ロシェル・ミュレーズの目を通して見る世界は常に、ガラスケース越しのように遠く、絵画のように現実味を欠いている。

 こてん、と頭に乗せたミニハットが首を傾げた拍子に地に落ちた。ローズ色とチョコレート色の造花が少し形を歪め、それを拾おうとかがむと胸元で懐中時計がじゃらりと重たげに揺れる。顔を俯ければ、白っぽいレモンイエローに混じったオレンジ色が、鮮やかに目に焼きついた。彼の人の髪はもっと暗いオレンジ色だったけれど、どうにもうまく染まらなかったのだ。

「はいよ、お嬢さん。ヨーグルトジュースだ」
「ありがとうございます。……ばいばい、おじさん」

 なんとはなしに屋台で頼んだヨーグルトジュースを一口飲んでみると、味が薄くて美味しいとは思えなかった。お砂糖か唐辛子、なんでもいいから味をつけたいと思う。ああでも、なるべく苦い味以外がいい。
 ――ロシェルの味覚はおかしい、鈍すぎるよ。
 記憶の中の彼が呆れたように笑う。彼はよくロシェルの鈍すぎる感覚に呆れながら、面白そうに笑ったものだった。
 彼がいなくなってから、もう大分経つ。数年なのか、数か月なのか。世間の時の流れを気にすることをしない彼女はそんなことは知らず、ただふらりふらりと町から町へと彼を探して旅をしていた。

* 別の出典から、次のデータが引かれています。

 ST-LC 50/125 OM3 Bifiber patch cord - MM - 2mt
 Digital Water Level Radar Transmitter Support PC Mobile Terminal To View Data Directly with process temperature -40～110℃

彼がいなくなった理由も手がかりもないまま旅する彼女は、傍から見ればただの気楽な旅人に見えるだろう。ぼんやり、ふわりと、気だるげに。彼女の表情からは恋人が失踪したことへの悲槍さや、見つけたいという必死さは全く窺えない。
 だけれども、ロシェルは確かに彼に執着し、探していた。住んでいた家を惜しげもなく出てしまうほどに。

「……どこにいるのかな」

 あんたは、今。質感を感じさせない声は、あっさりと風に紛れて残滓を残さずに消える。そしてロシェルは、それに執着を残さない。彼女が今執着しているものは彼のみなのだ。それさえ、いつかふとしたときに忘れてしまうかもしれない不確かなものである。

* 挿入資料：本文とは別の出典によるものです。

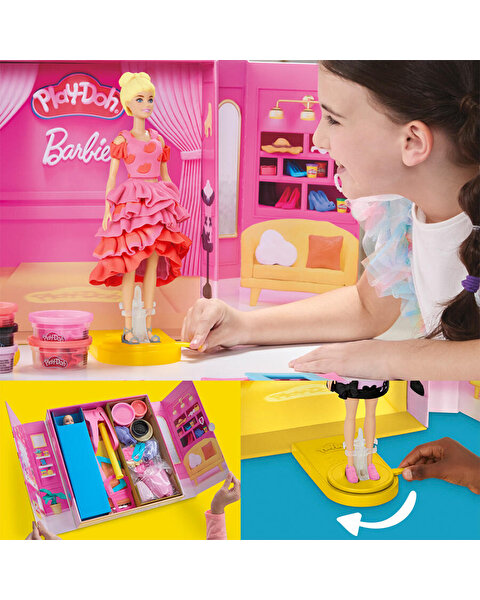 Play Doh Barbie Tasarımcı Moda Gösterisi G31564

 ロシェル・ミュレーズの目を通して見る世界は常に、ガラスケース越しのように遠く、絵画のように現実味を欠いている。

 彼女が家を出るときに彼の髪色であるオレンジ色を、自分の髪にメッシュとして入れたのは、忘れないようにするためかもしれない。始めて執着した存在、特別な存在。そんな彼を簡単に忘れ去って、執着も思い出も捨て去って、茫洋とした元の生活へ戻ってしまうことがないようにするために。

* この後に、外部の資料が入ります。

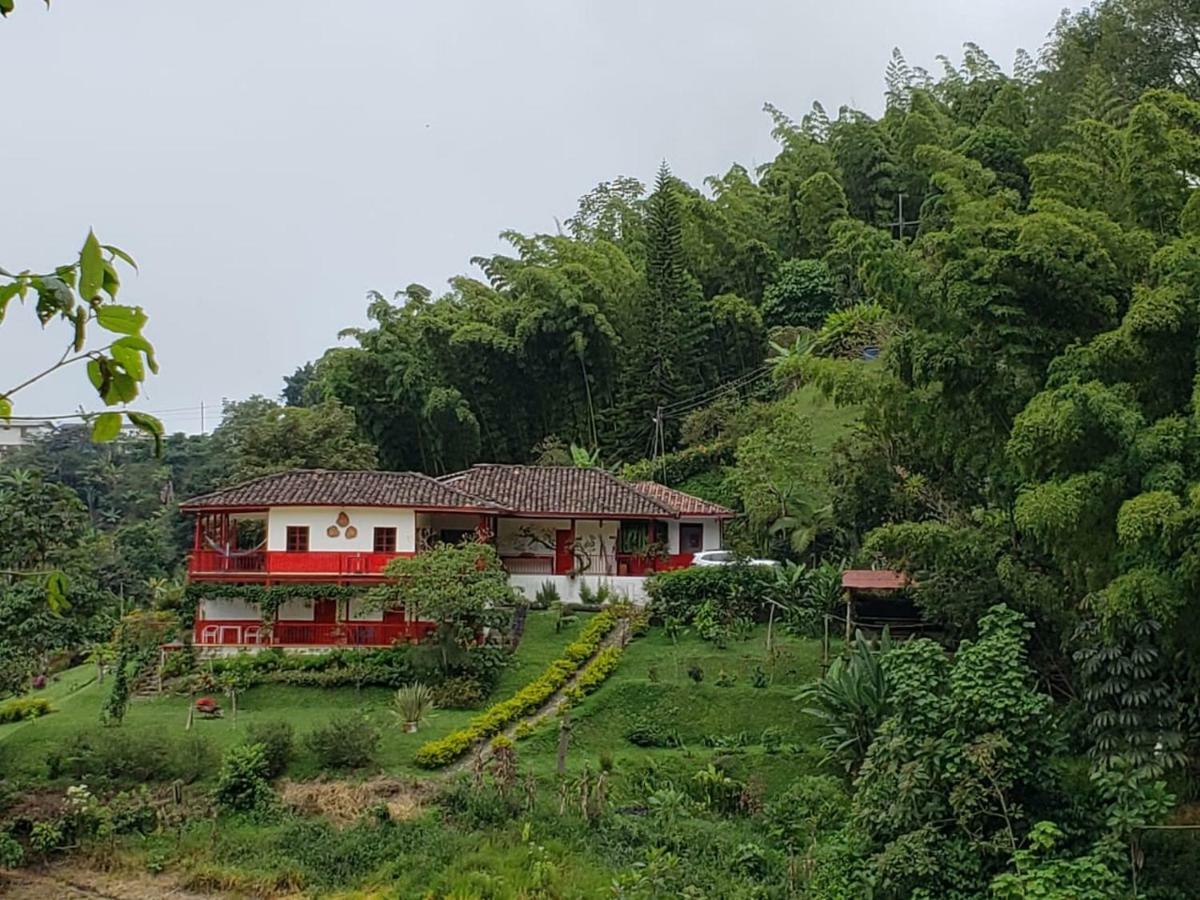 Lodge Paraiso Verde Manizales Exterior photo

 口の中からジュースの味が消えたことに気付いて視線をカップへやると、空っぽになったカップが手に収まっていた。ストローがずずず、と僅かに残ったジュースと、ついでに空気をかき集める。口の中に吸いついたストローを離して、近くにあったゴミ箱へぽとんと捨てた。
 彼女が今いる通りには一日中屋台や露店が立ち並び、暇を持て余した人々が賑やか談笑しながら行き交う。食べ物や、雑貨や、見世物や、怪しげな占いまでありとあらゆるものが揃うこの通りは、人々が活動する間は静まる時間を持たない。彼はこんな場所があまり好きではなかった。だから二人がよくいたのは静まりかえったカフェや、人のあまりいない小さな通り。このような通りに来たことは一度もない。
 ロシェルの知る彼ならこの通りにはいない。でも、いなくなった彼ならどうなのか。ふらふら、ふらり。ぎりぎりまで締めたコルセットよりもまだ細い胴が泳ぐ。――彼の顔は、髪型は、声は、雰囲気は、好みは。時間が経つごとに不鮮明になってゆくそれを、捕まえる。捕まえたものが正しいかなんてことは、ロシェルは知らない。

「はやく行かないと。忘れちゃったらわたし、悲しいかもしれない」

 はやく、はやく。どこで聞いたのかは忘れてしまったけれど、願いを叶えるものについての伝承のことを誰かが話していた。それを見つければ、彼のもとへ連れて行ってもらえる。彼を探しながら、ロシェルはその伝承のものを追い求める。

「逢いたいな」

 その想いが消えてしまいそうに儚いものだとしても。
 ロシェル・ミュレーズの目を通して見る世界は常に、ガラスケース越しのように遠く、絵画のように現実味を欠いている。
 彼女にとっての確たる現実はまだ、ない。